> AIM OF THE EXERCISE
Every line with "there" in it must be copied from the data.

> RECORDS PROVIDED
========================

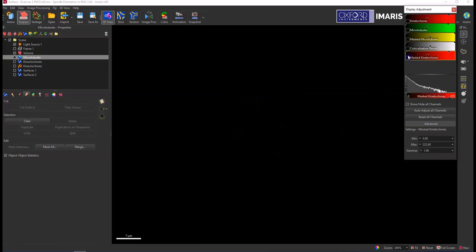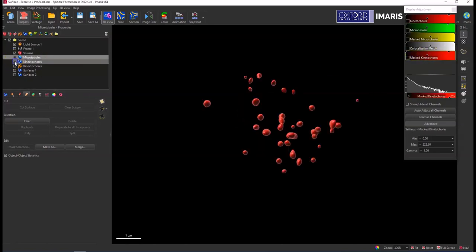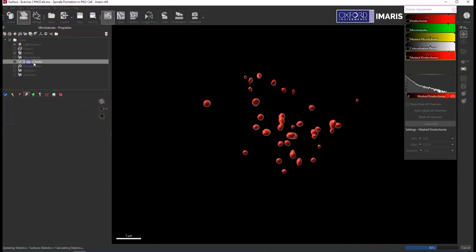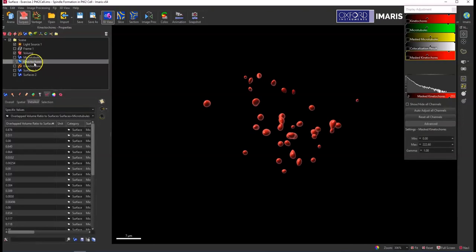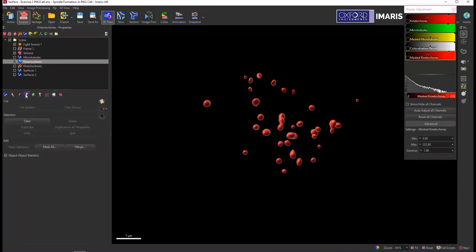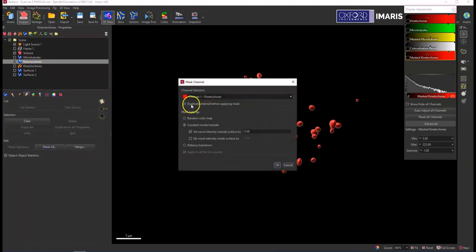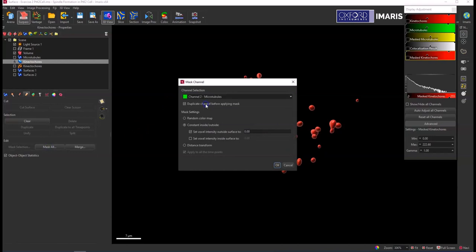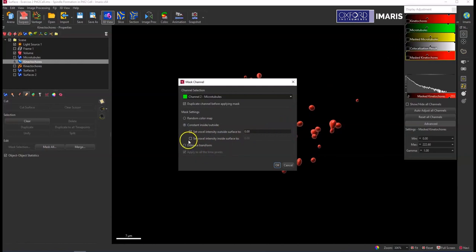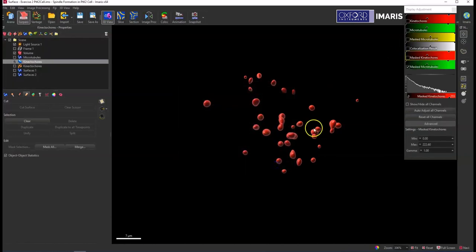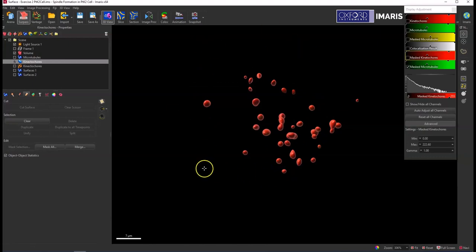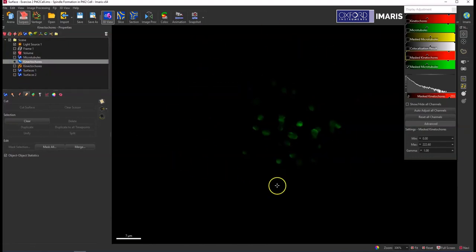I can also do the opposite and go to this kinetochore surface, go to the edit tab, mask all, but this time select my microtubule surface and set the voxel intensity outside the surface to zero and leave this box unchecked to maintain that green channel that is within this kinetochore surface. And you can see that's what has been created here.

========================

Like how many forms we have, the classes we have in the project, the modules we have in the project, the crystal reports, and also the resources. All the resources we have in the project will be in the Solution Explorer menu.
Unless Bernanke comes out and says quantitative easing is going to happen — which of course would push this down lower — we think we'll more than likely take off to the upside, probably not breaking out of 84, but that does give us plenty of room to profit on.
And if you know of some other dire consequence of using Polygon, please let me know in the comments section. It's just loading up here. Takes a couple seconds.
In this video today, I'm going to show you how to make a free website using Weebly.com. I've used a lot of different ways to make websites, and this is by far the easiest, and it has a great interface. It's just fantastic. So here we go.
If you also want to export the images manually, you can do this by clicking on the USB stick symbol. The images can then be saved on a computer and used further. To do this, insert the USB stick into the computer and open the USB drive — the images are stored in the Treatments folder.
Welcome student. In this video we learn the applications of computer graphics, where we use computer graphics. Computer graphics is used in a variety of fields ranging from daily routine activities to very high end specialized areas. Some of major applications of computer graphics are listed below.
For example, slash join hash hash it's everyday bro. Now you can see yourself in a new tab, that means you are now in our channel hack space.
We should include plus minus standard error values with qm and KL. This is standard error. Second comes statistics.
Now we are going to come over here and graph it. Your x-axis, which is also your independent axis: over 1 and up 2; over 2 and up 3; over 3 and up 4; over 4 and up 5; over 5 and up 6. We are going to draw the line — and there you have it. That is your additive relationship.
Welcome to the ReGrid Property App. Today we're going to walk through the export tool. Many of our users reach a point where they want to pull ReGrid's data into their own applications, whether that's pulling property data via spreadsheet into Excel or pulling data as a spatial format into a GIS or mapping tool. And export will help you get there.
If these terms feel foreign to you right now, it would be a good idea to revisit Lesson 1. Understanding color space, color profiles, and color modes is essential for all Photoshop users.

========================

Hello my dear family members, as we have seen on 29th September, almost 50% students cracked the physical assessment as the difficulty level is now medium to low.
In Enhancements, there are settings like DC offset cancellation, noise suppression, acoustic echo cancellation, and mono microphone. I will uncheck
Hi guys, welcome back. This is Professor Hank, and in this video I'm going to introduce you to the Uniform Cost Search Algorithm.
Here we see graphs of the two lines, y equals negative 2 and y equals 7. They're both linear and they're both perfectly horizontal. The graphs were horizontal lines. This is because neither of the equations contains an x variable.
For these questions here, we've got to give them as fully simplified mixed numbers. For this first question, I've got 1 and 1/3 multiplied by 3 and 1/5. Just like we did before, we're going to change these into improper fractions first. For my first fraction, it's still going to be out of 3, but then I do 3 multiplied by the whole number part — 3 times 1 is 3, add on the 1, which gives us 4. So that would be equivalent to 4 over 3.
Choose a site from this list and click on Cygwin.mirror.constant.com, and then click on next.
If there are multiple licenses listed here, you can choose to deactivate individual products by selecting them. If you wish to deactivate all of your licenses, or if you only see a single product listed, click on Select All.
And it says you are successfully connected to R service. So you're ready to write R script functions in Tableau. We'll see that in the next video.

========================

> RESPONSE
Now we are going to come over here and graph it. Your x-axis, which is also your independent axis: over 1 and up 2; over 2 and up 3; over 3 and up 4; over 4 and up 5; over 5 and up 6. We are going to draw the line — and there you have it. That is your additive relationship.
Welcome to the ReGrid Property App. Today we're going to walk through the export tool. Many of our users reach a point where they want to pull ReGrid's data into their own applications, whether that's pulling property data via spreadsheet into Excel or pulling data as a spatial format into a GIS or mapping tool. And export will help you get there.
In Enhancements, there are settings like DC offset cancellation, noise suppression, acoustic echo cancellation, and mono microphone. I will uncheck
If there are multiple licenses listed here, you can choose to deactivate individual products by selecting them. If you wish to deactivate all of your licenses, or if you only see a single product listed, click on Select All.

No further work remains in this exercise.